Just as I suspected, as soon as I started making progress with my weight loss, I stopped trying as hard.
I have yet to get past thirty pounds. I'll get really close and then gain another pound and then lose it and then gain two and then lose three and then gain it all back again, etc. My eating is not great and I'm getting tired of my workouts. I know I can change it up and do a different workout but I think I'm just tired of exercising in general. I'm tired of the monotony of getting up and putting on my shoes and bouncing and punching and kicking for half an hour. I'm also tired of not being able to have pizza.
Like I mentioned before, it took losing some of my fat to realize how fat I was. As the pounds started coming off, I became more critical of myself. I think it took me getting serious about losing weight again to see how bad I had let myself go. Despite my thinning frame, all I could see was fat. I was oblivious to how big I was. I most likely just blocked out the fat because I couldn't handle it but once I knew I was making a difference and taking the weight off, I allowed my eyes to be opened to the damage I had done to myself.
The thing that sucks the most about being a big guy is even though I've lost thirty pounds, I'm still fat. A fact that people still point out.
I still say retail is horrible. It's demeaning and thankless and you run into some of the rudest people. I had a guy come in the other day who needed help finding a dress shirt. Like most guys who come in, he didn't know what the numbers on the shirts represented but he said he was a small, which was around a 14 1/2.
"What size do you wear?" he asked with a smirk. Completely irrelevant question but I knew where he was going with it.
"Probably a 16 1/2," I answered with a slight sigh.
"Yeah, you're a big boy, aren't ya?"
"Yeah, I am, and I'm working on it," I said and then walked away from him without another word. What a dick.
I've had similar experiences at work with people calling me fat, whether they said it subtly or straight out. I already struggle with trying to lose weight and trying to remain determined and it doesn't help when I get that kind of negative attention because of my body shape. It's another deterrent.
Despite the douche, I have had two other experiences where I ran into people I hadn't seen in a long time and they both noticed I had lost weight and told me I looked good. And that felt good. But not good enough to keep me going, at least not in the long run. It temporarily motivates me until the depression sets in again and nothing settles my soul (and my stomach) like chocolate chip cookie dough.

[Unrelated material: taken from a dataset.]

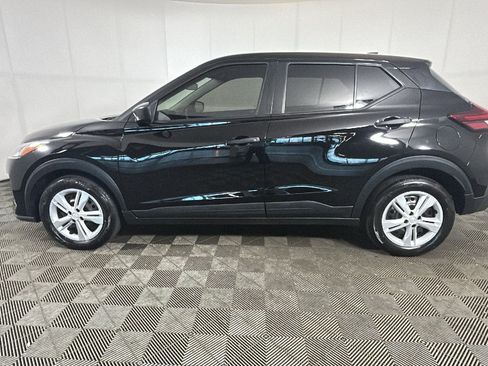 Used 2025 Nissan Kicks Play S FWD image 5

I still struggle every single day. When I get off work, frustrated and mentally exhausted, the only thing I can see is fast food. The only thing I want is ice cream. And when it comes to exercising, it's the last thing I want to do. Food is forever my temptress. My mind is forever my tormentor. My body is forever a battlefield and representation of the feud between me and food.
All you have to do is take a look at me to see who is winning that day.